How to complete this task: Please reproduce the lines of the records below from the one holding "We have notes" through the one holding "If you are still", inclusive, skipping all pictures.

Source material:
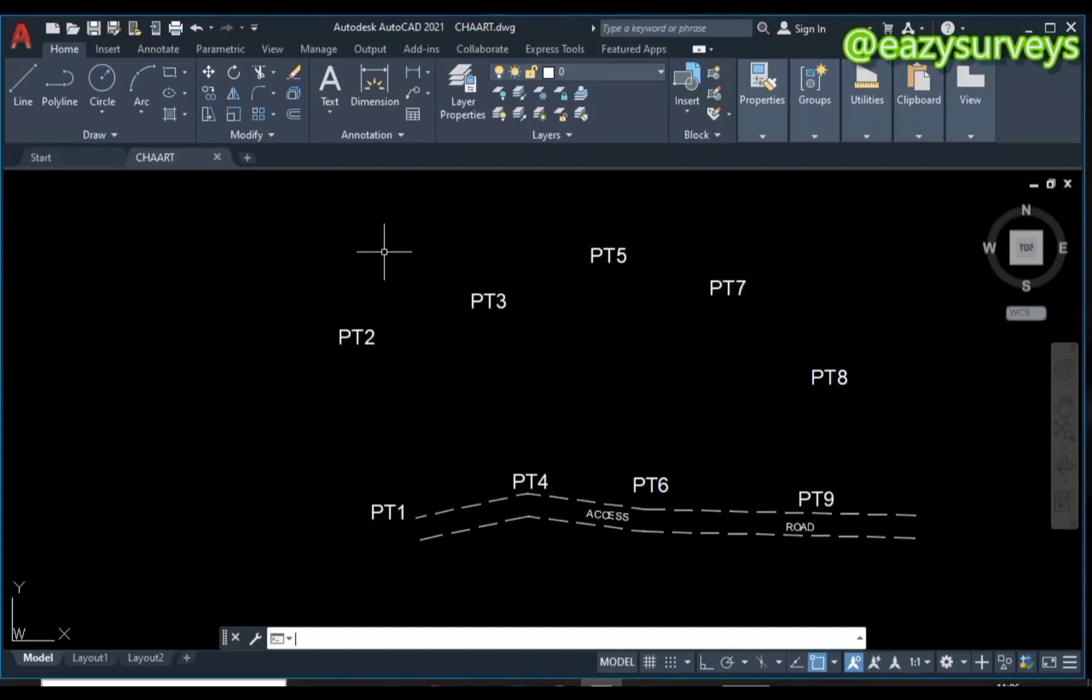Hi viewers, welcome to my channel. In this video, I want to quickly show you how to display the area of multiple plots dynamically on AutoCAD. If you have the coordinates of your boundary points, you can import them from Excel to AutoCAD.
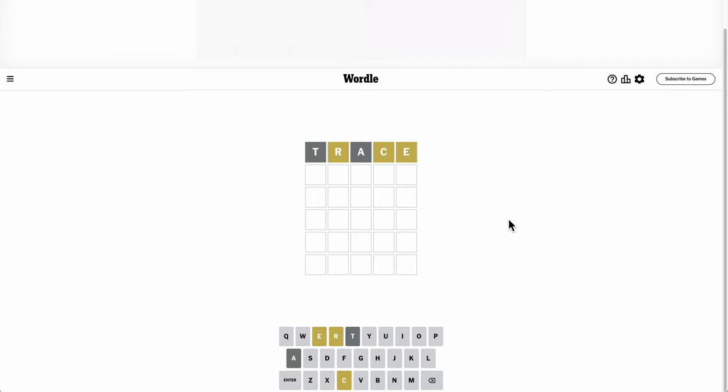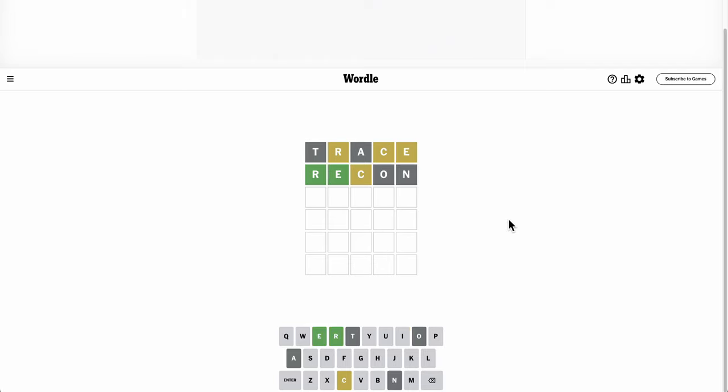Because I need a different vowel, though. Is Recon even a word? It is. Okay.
==
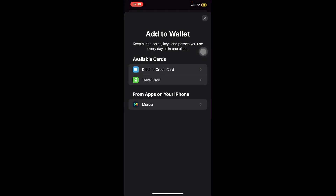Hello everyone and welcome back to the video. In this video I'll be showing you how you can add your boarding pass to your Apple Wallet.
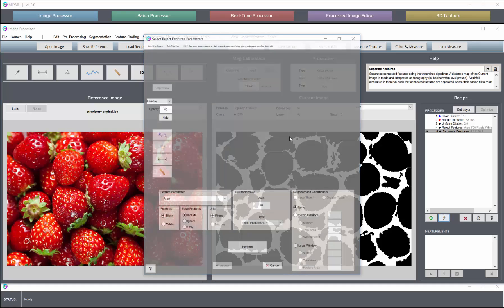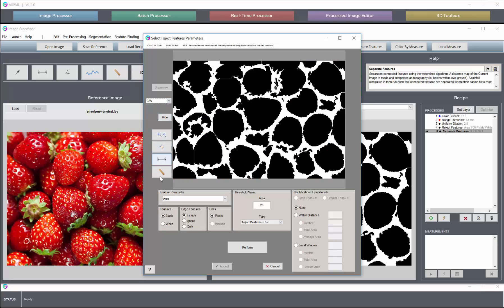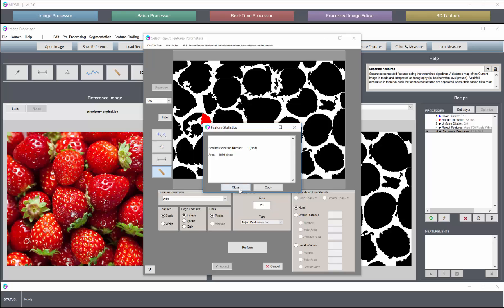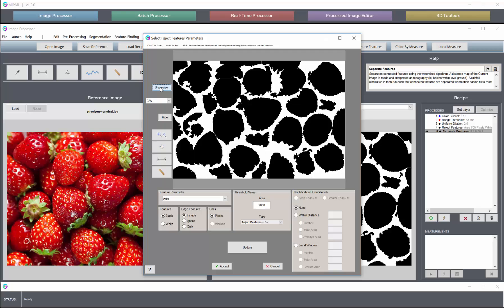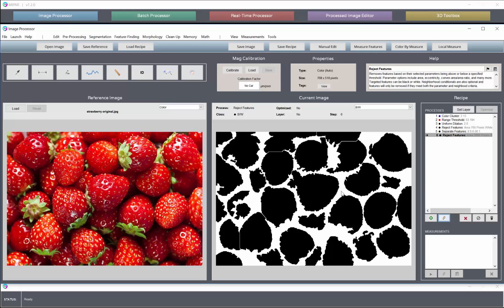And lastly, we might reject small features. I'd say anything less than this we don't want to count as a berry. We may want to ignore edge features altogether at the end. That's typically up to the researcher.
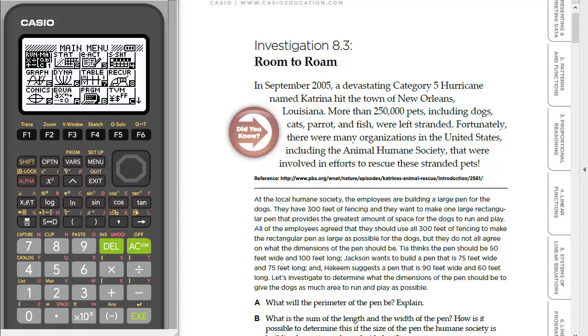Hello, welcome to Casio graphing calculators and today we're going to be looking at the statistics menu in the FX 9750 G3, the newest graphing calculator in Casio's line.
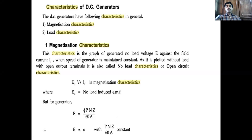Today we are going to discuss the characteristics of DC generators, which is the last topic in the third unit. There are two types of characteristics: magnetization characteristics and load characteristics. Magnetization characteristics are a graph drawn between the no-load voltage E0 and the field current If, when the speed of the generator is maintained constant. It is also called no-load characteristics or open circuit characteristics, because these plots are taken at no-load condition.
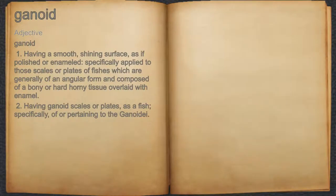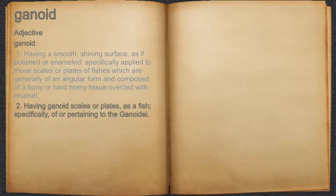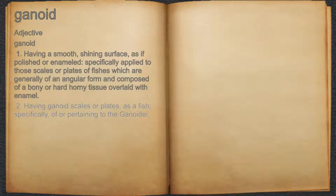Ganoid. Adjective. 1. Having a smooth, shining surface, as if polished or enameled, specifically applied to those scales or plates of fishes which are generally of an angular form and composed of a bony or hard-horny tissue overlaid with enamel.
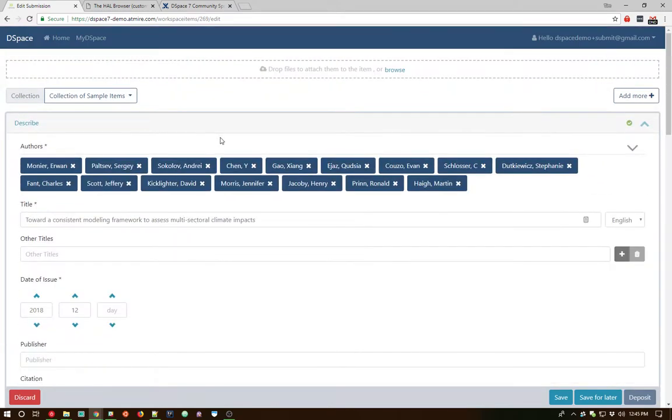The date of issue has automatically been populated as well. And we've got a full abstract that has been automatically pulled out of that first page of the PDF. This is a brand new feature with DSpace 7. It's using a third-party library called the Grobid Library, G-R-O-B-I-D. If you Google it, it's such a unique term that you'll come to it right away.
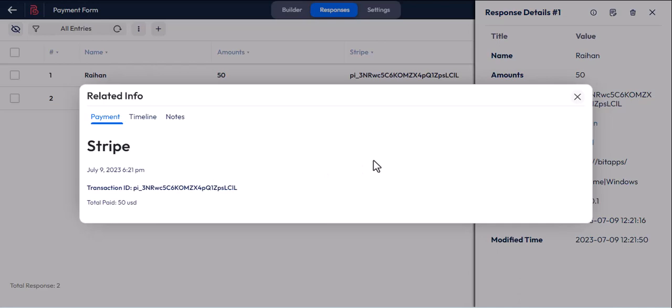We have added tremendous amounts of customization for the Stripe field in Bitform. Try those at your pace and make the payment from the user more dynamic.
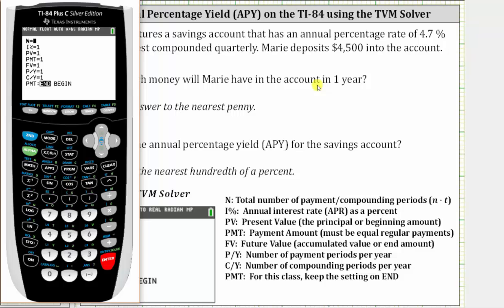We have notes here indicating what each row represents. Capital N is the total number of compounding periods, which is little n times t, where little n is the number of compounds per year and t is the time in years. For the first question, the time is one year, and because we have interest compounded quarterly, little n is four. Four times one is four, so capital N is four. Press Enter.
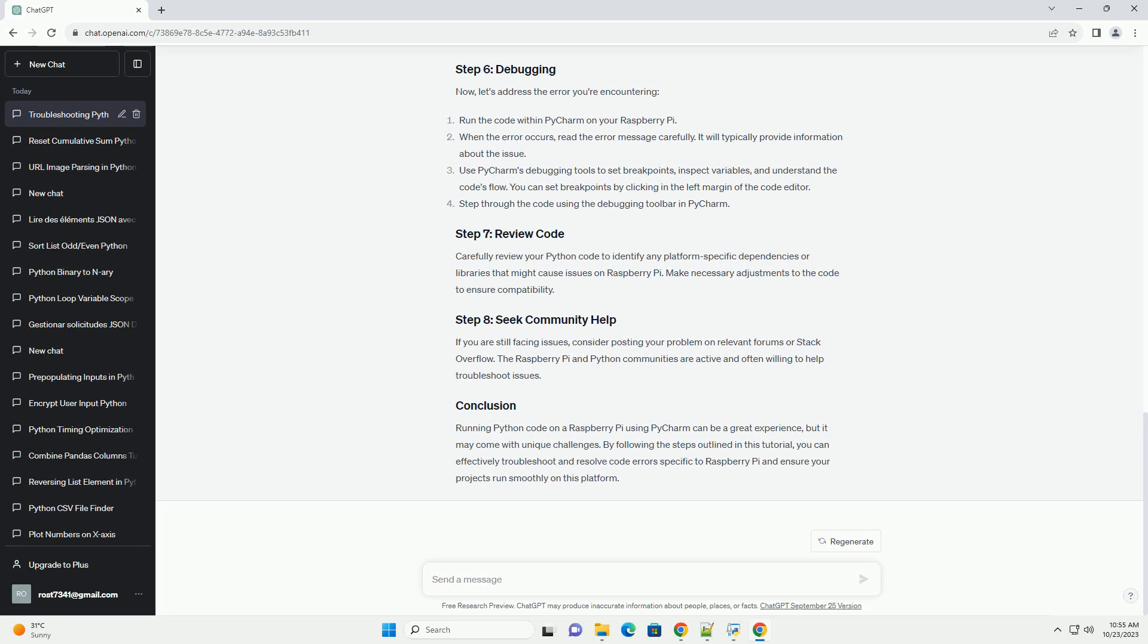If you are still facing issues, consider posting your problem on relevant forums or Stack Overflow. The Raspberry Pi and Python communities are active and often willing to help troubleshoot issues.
==
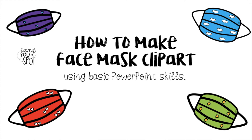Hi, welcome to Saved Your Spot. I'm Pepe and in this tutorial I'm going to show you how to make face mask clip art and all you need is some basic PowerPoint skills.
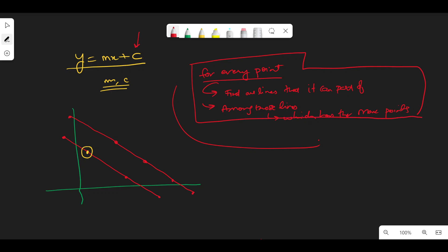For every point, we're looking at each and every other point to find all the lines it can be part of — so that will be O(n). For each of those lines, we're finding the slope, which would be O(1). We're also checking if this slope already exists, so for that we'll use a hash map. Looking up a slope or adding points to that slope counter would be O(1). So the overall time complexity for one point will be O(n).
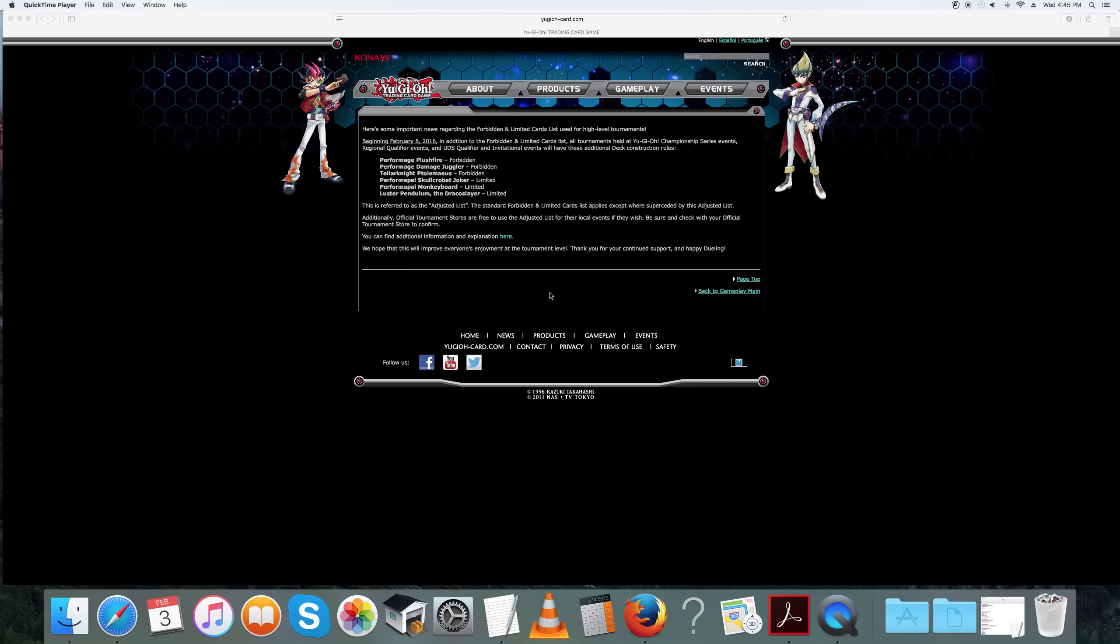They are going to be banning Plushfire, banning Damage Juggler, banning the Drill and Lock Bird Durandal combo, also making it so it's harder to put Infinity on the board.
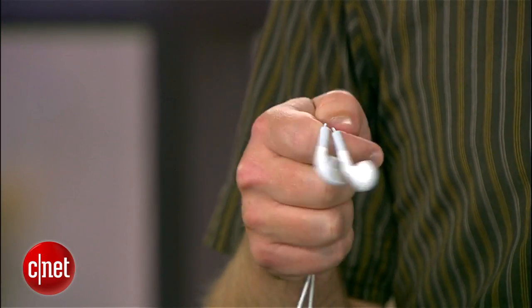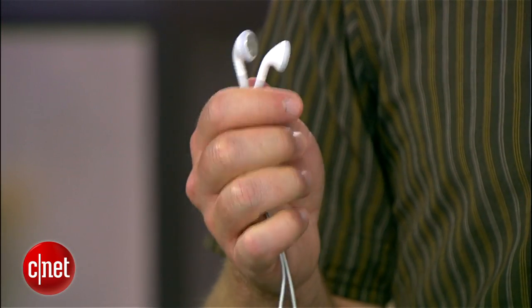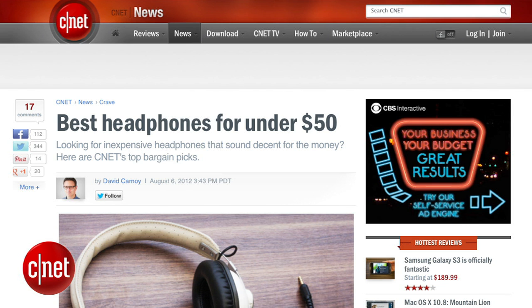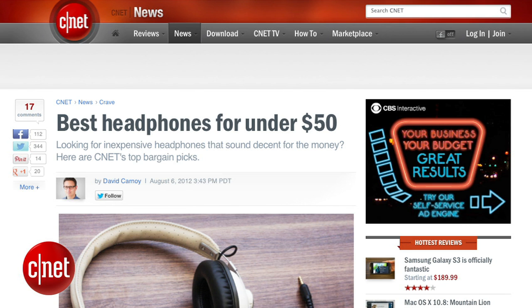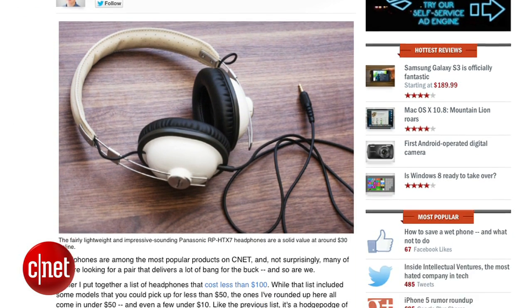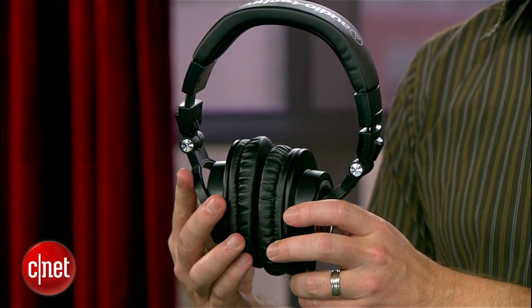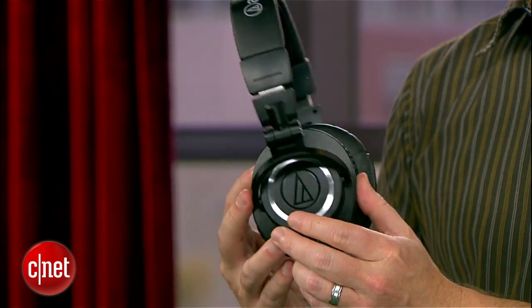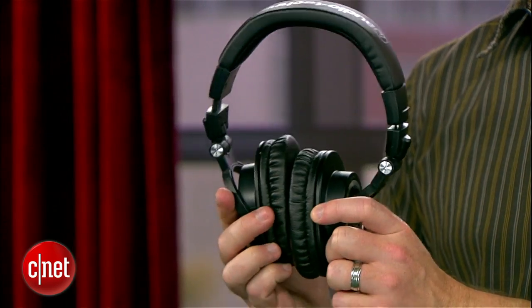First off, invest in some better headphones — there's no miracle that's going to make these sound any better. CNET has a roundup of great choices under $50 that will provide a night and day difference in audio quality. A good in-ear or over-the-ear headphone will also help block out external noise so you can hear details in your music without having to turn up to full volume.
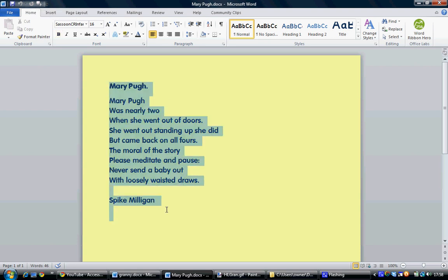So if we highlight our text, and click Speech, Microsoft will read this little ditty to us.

Completed task:
We have notes here indicating what each row represents. Capital N is the total number of compounding periods, which is little n times t, where little n is the number of compounds per year and t is the time in years. For the first question, the time is one year, and because we have interest compounded quarterly, little n is four. Four times one is four, so capital N is four. Press Enter.
If you are still facing issues, consider posting your problem on relevant forums or Stack Overflow. The Raspberry Pi and Python communities are active and often willing to help troubleshoot issues.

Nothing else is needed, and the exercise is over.